## Work instruction
Extract the stretch of lines that starts at the line with "thumbnail image 3" and ends at the last line of the data below. Give it exactly, without pictures.

## Data excerpt
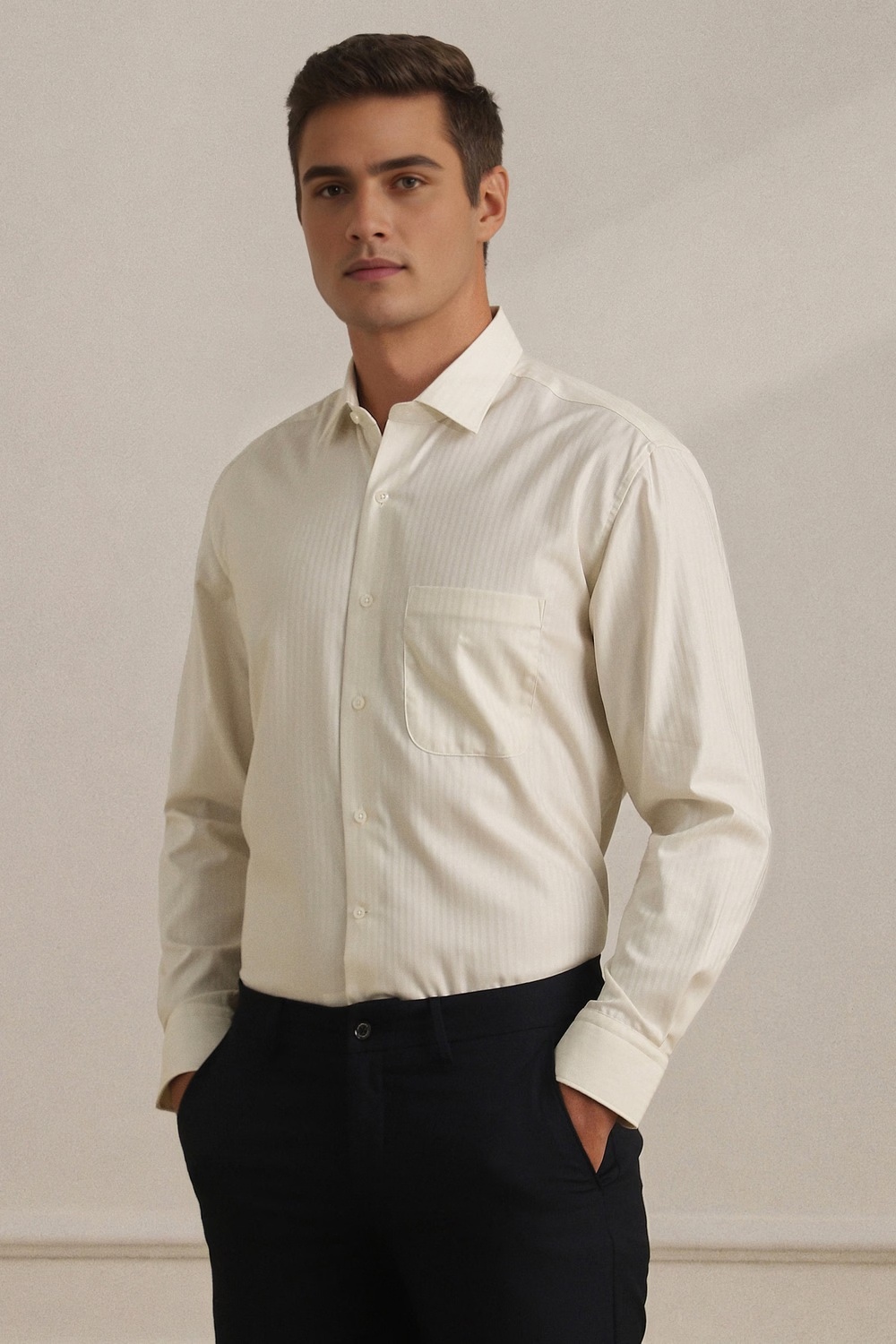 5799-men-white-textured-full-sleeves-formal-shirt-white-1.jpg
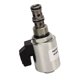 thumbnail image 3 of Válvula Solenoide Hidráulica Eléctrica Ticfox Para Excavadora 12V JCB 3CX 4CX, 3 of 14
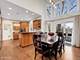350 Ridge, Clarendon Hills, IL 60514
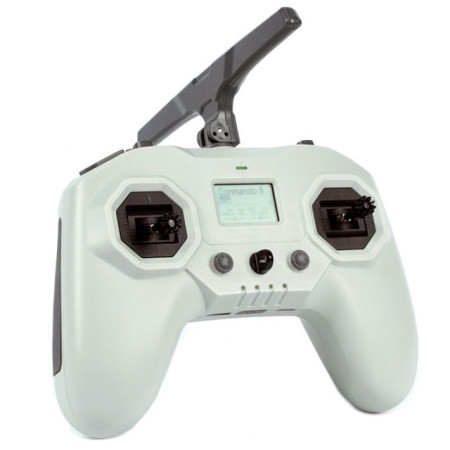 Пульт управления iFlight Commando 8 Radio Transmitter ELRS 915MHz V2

## Answer area
 thumbnail image 3 of Válvula Solenoide Hidráulica Eléctrica Ticfox Para Excavadora 12V JCB 3CX 4CX, 3 of 14
350 Ridge, Clarendon Hills, IL 60514
 Пульт управления iFlight Commando 8 Radio Transmitter ELRS 915MHz V2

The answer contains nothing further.